Guillermo Zuloaga, the fugitive owner of Venezuela's 24-hour news channel Globovisión, has accused President Hugo Chávez of ordering his arrest to silence his criticism of the government, Reuters reports.

The Chávez administration issued orders over the weekend to arrest Zuloaga, owner of Venezuela's Globovisión TV network, Reuters and the Associated Press report. Intelligence agents searched Zuloaga's home, and President Hugo Chávez accused him of fleeing Venezuela, El Universal says (Spanish).

Separately, the government took over the mid-sized Banco Federal on Monday, citing liquidity problems and threatening it for its links to Globovisión, whose board of directors includes the president of Banco Federal, Reuters says in a separate story.

Zuloaga owns Globovisíon, whose anti-Chávez editorial line has created many conflicts with the government. He also holds the concession to other media outlets. He is accused of hoarding cars belonging to a dealership he owns while waiting for prices to rise—charges that reportedly had been dropped months ago, The Wall Street Journal says.
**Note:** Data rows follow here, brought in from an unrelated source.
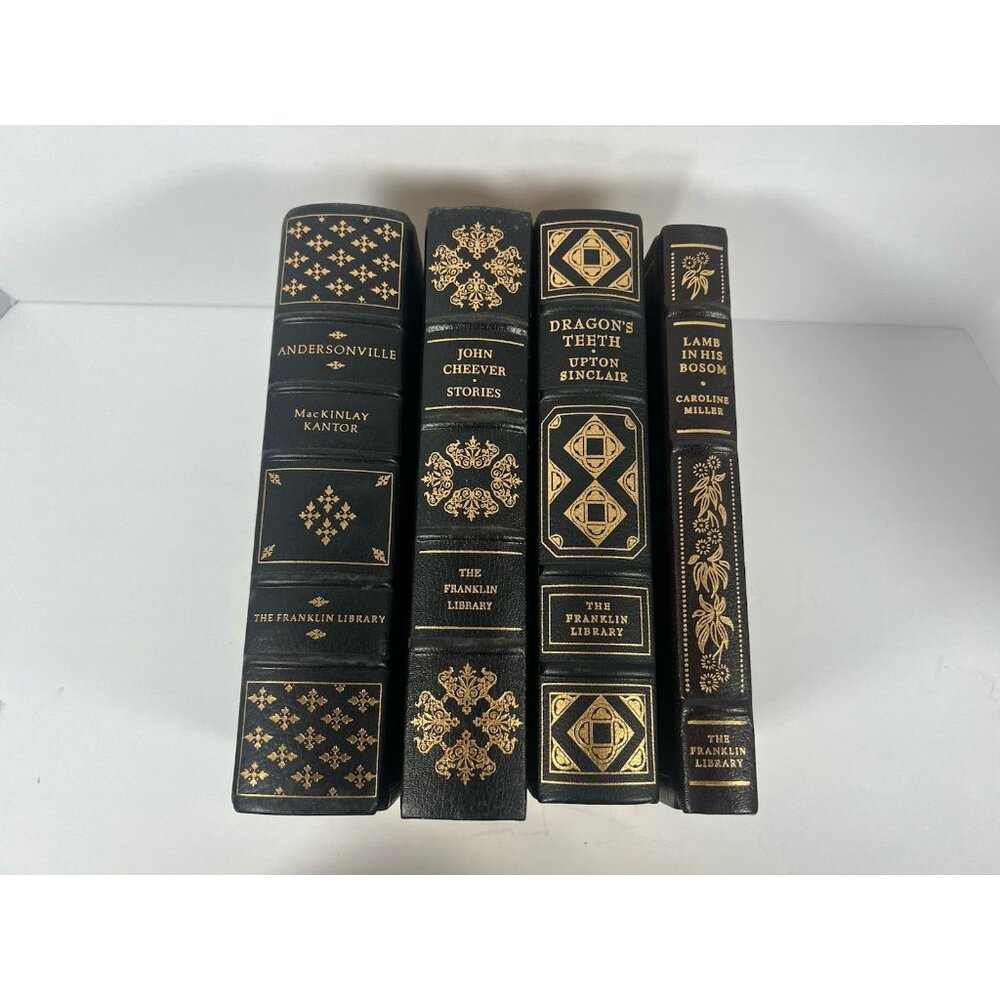 Lot Of 4 Franklin Library Full Leather Books Vintage Decor Collectible Hardcover - Picture 1 of 6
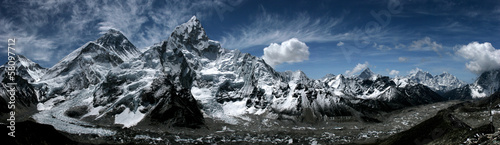 Fotografía Panorama mountains Everest and Lhotse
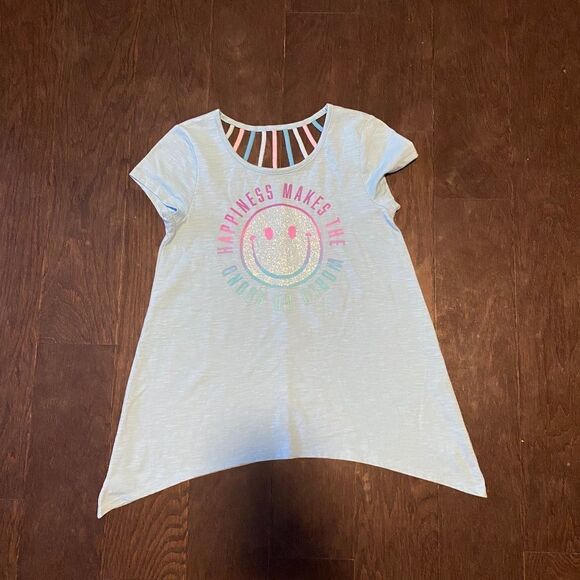 Justice Other - 🎉Justice Girl's Sparkly Preppy Blue Tee Shirt NWOT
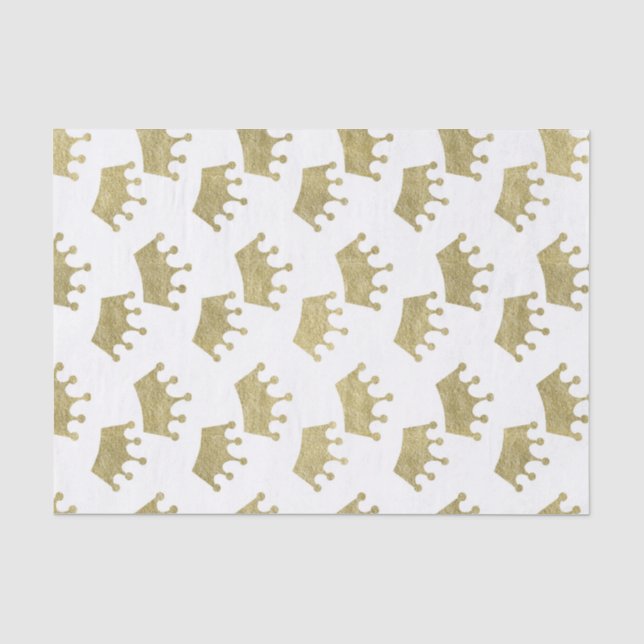 Gold Royal Crowns Fairytale Princess Baby Shower Tissue Paper (Front)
Charged also with usury, he has denied the accusations against him, calling them acts to intimidate his network for its critical stance.

After the government suspended cable and satellite TV broadcasts last January of RCTV, another opposition channel, Globovisión is the only medium critical of the Chávez administration that remains on the air.

The arrest order against Zuloaga was announced a week after Chávez publicly complained that the media executive remained free while awaiting trial, the Associated Press adds. The act was condemned by press freedom groups, including the Inter American Press Association, which lamented that "there is no independence of powers" in Venezuela, and the Committee to Protect Journalists (CPJ).

"If the government is using the lawsuit against Zuloaga as a pretext for silencing and intimidating the only critical TV channel, then the rights of citizens to be informed will be severely restricted, and Venezuelan democracy will suffer another blow," CPJ's Carlos Lauía says, as quoted by Globovisión.

The warrant for Zuloaga's arrest follows the nearly four-year prison sentence of newspaper columnist Francisco Pérez, on charges of defaming the mayor of Valencia in a column for El Carabobeño newspaper. Pérez, who can serve the sentence at home, was also banned last week by the court for practicing journalism during his sentence. He says he will appeal the ruling, CPJ adds.